**DATA LISTING**
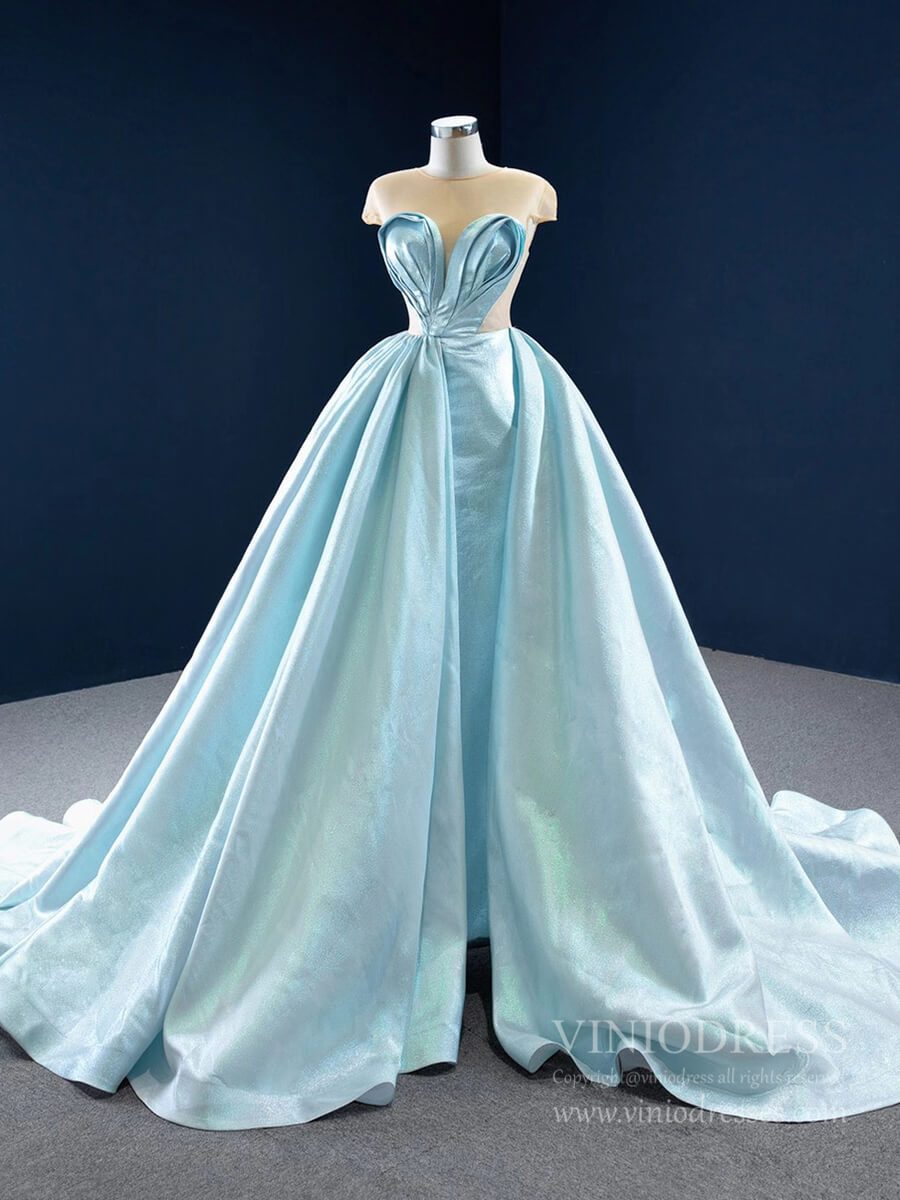 Prom Dress 2025 Ice Blue Prom Gowns Overskirt Shiny Sweet 16 Quince Dresses FD2457 viniodress-unique Quinceanera Dresses-As Picture-Custom Size-Viniodress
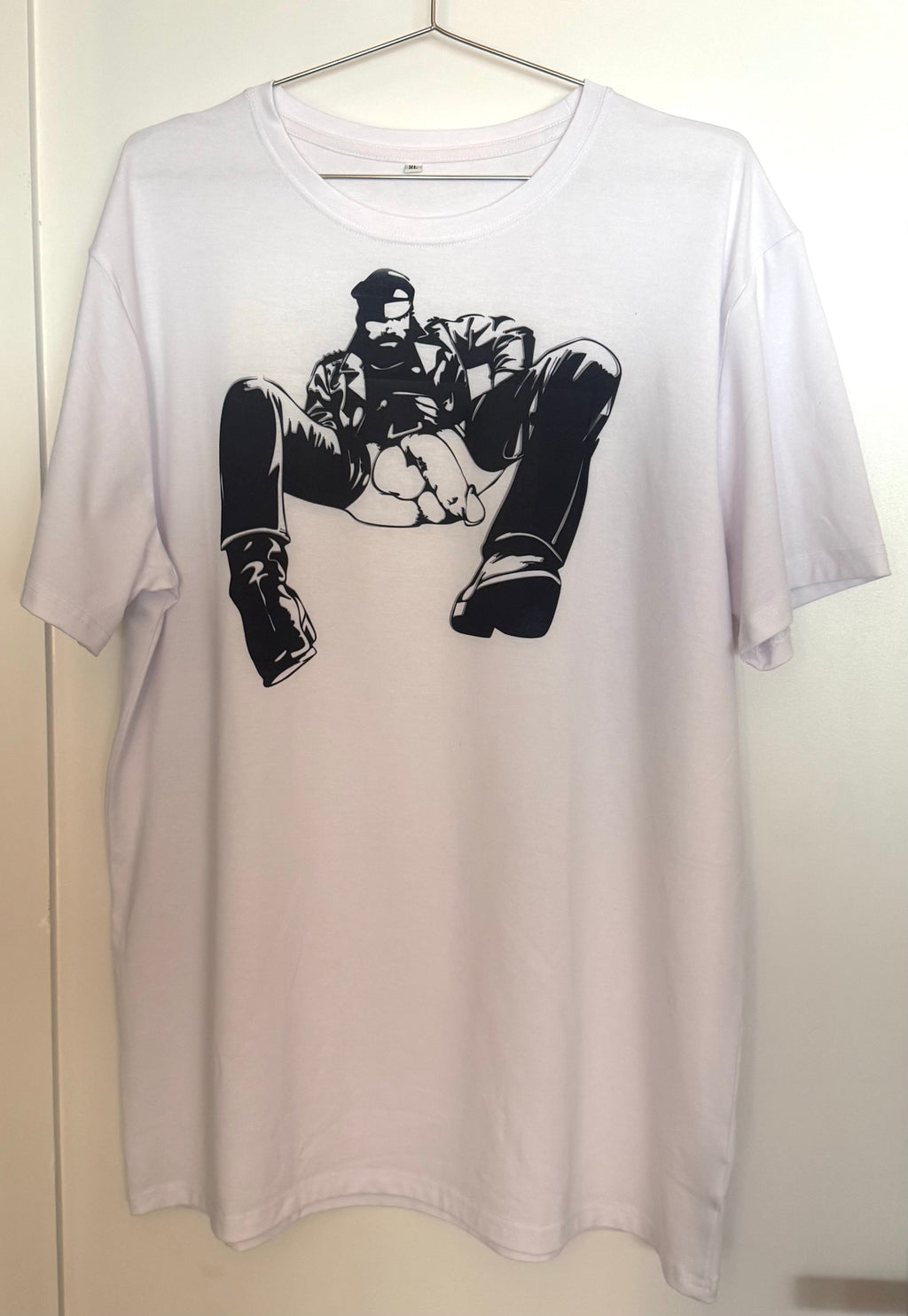 White short-sleeve prototype T-shirt printed with a Bill Ward leather figure at the chest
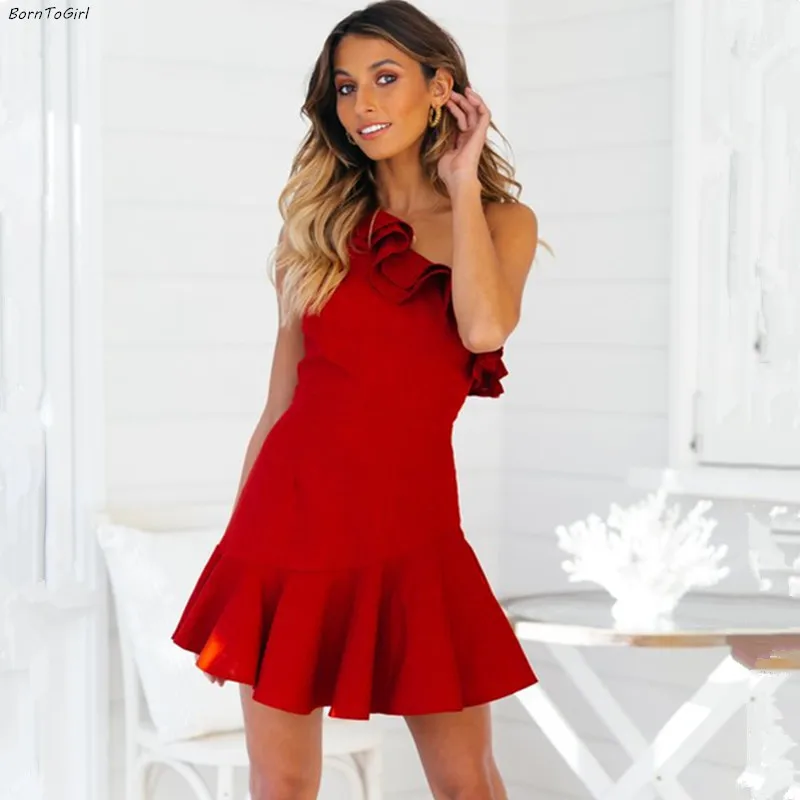 

BornToGirl Women White Red Sexy Sleeveless Slash Neck Ruffles Dress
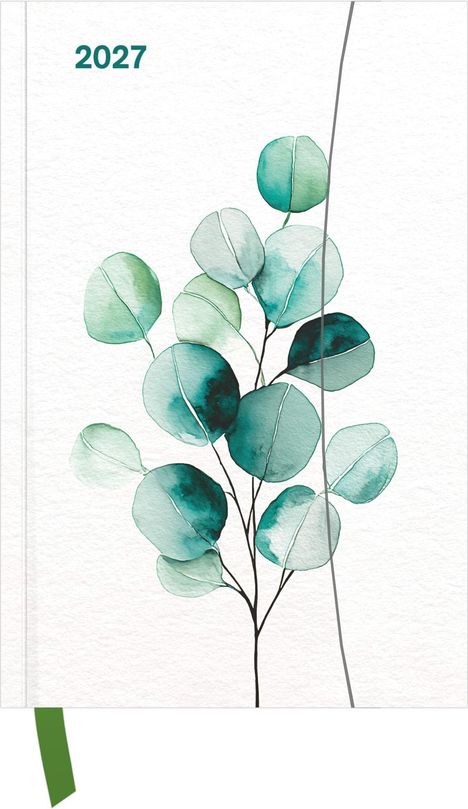 "2027" steht oben. Aquarell-Illustration von grünen Zweigen mit runden Blättern auf weißem Hintergrund.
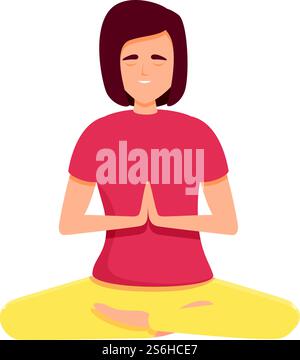 Ayurvedic meditation icon. Cartoon of Ayurvedic meditation vector icon for web design isolated on white background. Ayurvedic meditation icon, cartoon style Stock Vector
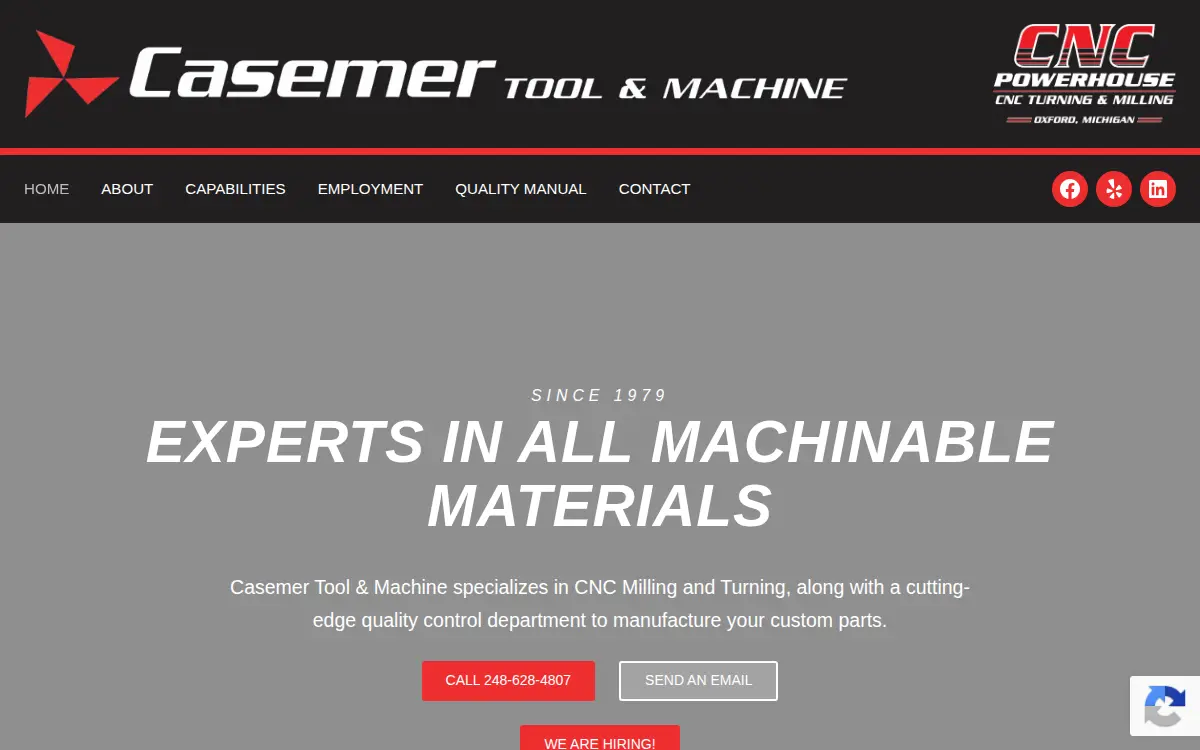 Homepage of Casemer Tool & Machine INC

**INSTRUCTIONS FOR THE TASK**
Starting with the line above that holds "White short-sleeve prototype", restate each line word for word up to and including the line that holds "auf weißem Hintergrund.". Drop the pictures.

**SOLVED EXERCISE**
 White short-sleeve prototype T-shirt printed with a Bill Ward leather figure at the chest

BornToGirl Women White Red Sexy Sleeveless Slash Neck Ruffles Dress
 "2027" steht oben. Aquarell-Illustration von grünen Zweigen mit runden Blättern auf weißem Hintergrund.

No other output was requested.